Hi, also irgendwie beruhigt mich deine Antwort. War tatsächlich der Meinung, das Digital-Fotografie nur übers Display funktioniert. Der Rest ist jetzt nur Üben,  Üben......Üben!
Kennst du dich auch mit Sony Akkus aus? (oder jemand anderer?) Wie lange sollte ein gefüllter Akku halten bei einer Auflösung von 5 Mio und ständigem Blitzeinsatz. Ist das normal, dass er nach einer Stunde schon seinen Geist aufgibt?

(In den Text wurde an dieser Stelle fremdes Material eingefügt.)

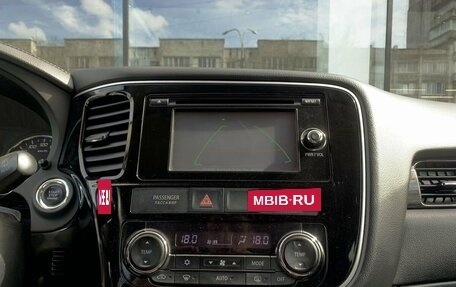 Mitsubishi Outlander III рестайлинг 3, 2016 год, 1 995 000 рублей, 13 фотография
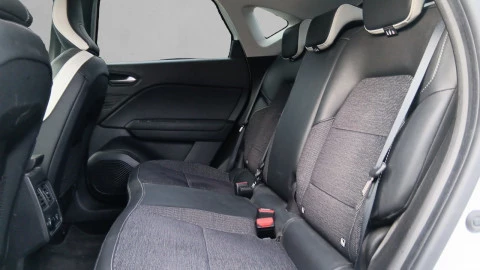 Renault Captur techno Fast Track E-Tech híbrido 105 kW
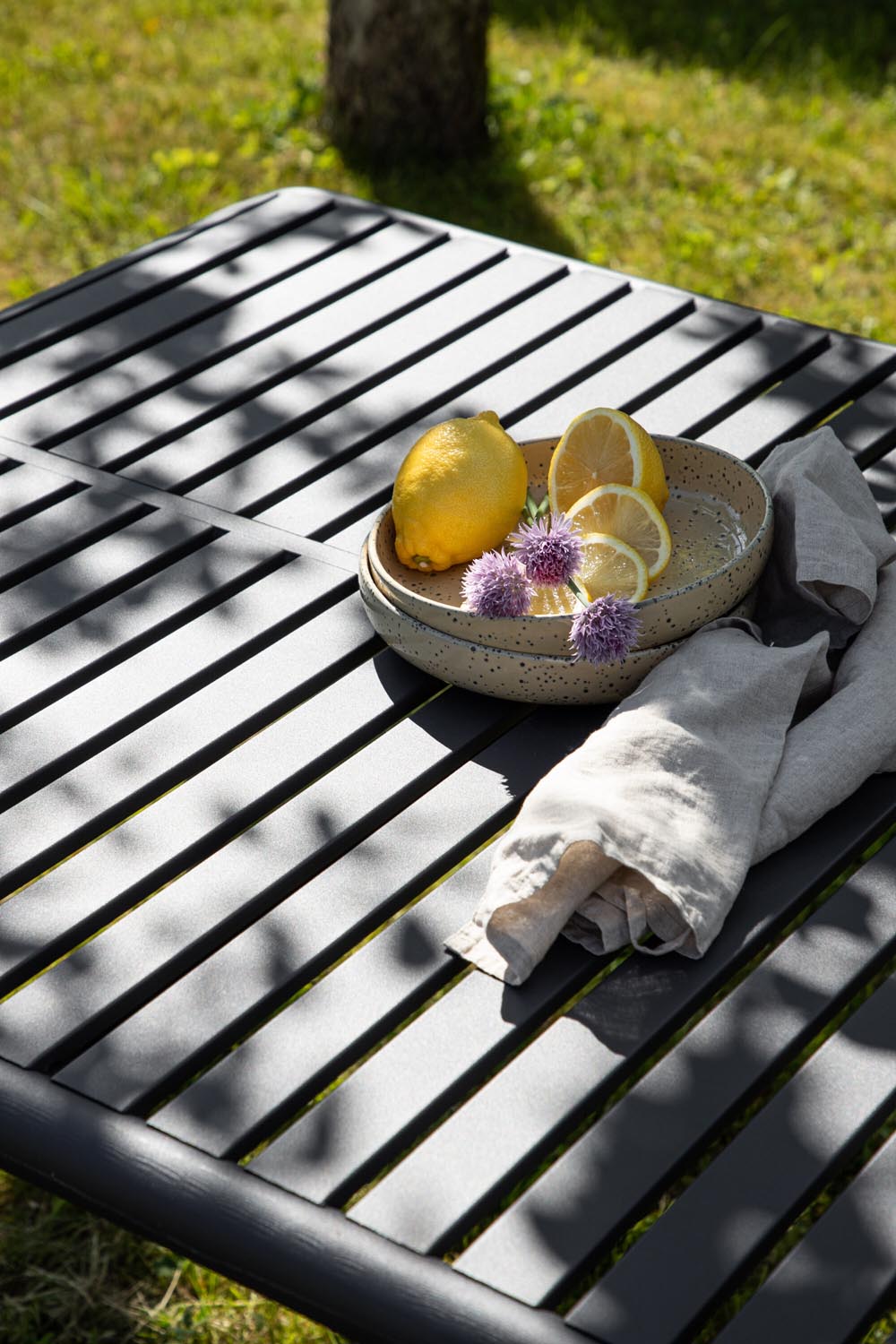 Borneo Gartentisch in Anthrazit präsentiert im Onlineshop von KAQTU Design AG. Gartentisch ist von Venture Home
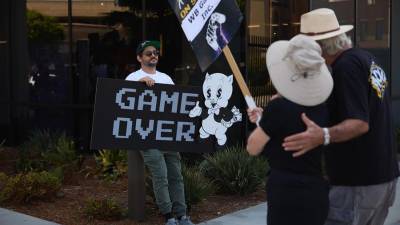 Artistas de videojuegos de Hollywood, en una huelga este miércoles a las afueras de los estudios Warner Bros. en Burbank (EE.UU.).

Gruß Lara


----------



## Leugim (18. November 2004)

Jou.. das ist normal... Mein Bruder hat auch eine Sony mit 5 MegaPixeln und der beklagt sich auch immer darueber.. er hat sich dann noch drei weitere Akkus bei e-bay besorgt, von denen einer nach dem zweiten ladung nicht mehr funken wollte.... Aber dafuer haben die drei zusammen soviel gekostet wie ein original sony-akku... und jeder haelt solange, wie der originale....
Ist aber bei alen Kameras so, dass sich die Lebensdauer des Akkus enorm verkuerzt, wenn der Blitz im (dauer)Einsatz ist... Also mein Akku der 300d haelt ohne Blitz locker 1800fotos durch , bei Blitz jedoch war nach 400(schon) schluss (alle mit Blitz)


----------



## kimpel007 (3. März 2005)

Hi,
 Also meine DigiCam kann ich bei jeder Tageszeit benutzen!
 Eigenlich haben doch (fast) alle Kameras ein beleuchtetes Display!ODER
 Villeicht hast du die Beleuchtung auch nur ausgeschaltet
 ...Anleitung zur Hand nehmen:suspekt:...
 Gruß kimpel007


----------